I had lunch with my mother last week at a casual restaurant with outdoor seating. It was mid-afternoon ... kind of a mixed green salad, chilled glass of Sauvignon Blanc kind of lunch. Sun was shining, breeze was cool and patio was packed with power lunchers.
Three women were seated near our table, seemingly enjoying one another’s company. Judging by their features and similar red hair, it appeared to be three generations of women: a grandmother, mother and grown daughter.
I’m not one to listen in on outdoor lunch conversations, but this one was too hard to resist. The entire lunch chatter consisted of the grown 30-something daughter complaining about a recent conflict with a young man. Her voice was loud, demanding the attention of the surrounding power lunch audience.
The temptation was too great.

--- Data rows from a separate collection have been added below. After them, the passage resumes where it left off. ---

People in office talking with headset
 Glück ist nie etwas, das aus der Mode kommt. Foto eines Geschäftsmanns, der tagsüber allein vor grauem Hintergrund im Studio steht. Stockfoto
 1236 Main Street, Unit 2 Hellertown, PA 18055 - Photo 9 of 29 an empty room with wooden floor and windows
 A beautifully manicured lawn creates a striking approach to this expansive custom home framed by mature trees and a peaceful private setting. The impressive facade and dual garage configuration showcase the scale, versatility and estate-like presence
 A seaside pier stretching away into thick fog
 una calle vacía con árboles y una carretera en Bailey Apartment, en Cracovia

I pulled out a pen, grabbed a ripped envelope from my bag and started jotting down her quotes. After a few minutes, I looked at my own mother, rolled my eyes and giggled.
Can’t this woman not hear herself? It’s times like this I wish I had the nerve to record the verbal nonsense, walk over and say: “Listen to yourself. You sound like a fool. He’s just not that into you.” There’s even a movie that shares the same title.
According to the litany of woes she loudly professed, when she calls him, she hears other women. He works seven days a week and “doesn’t have the time to call or text.” He tells her he’s working, but she sees his online status on Facebook. She went through his phone and Googled all the numbers in his call history. The other women he’s “friends” with are “just dumb.”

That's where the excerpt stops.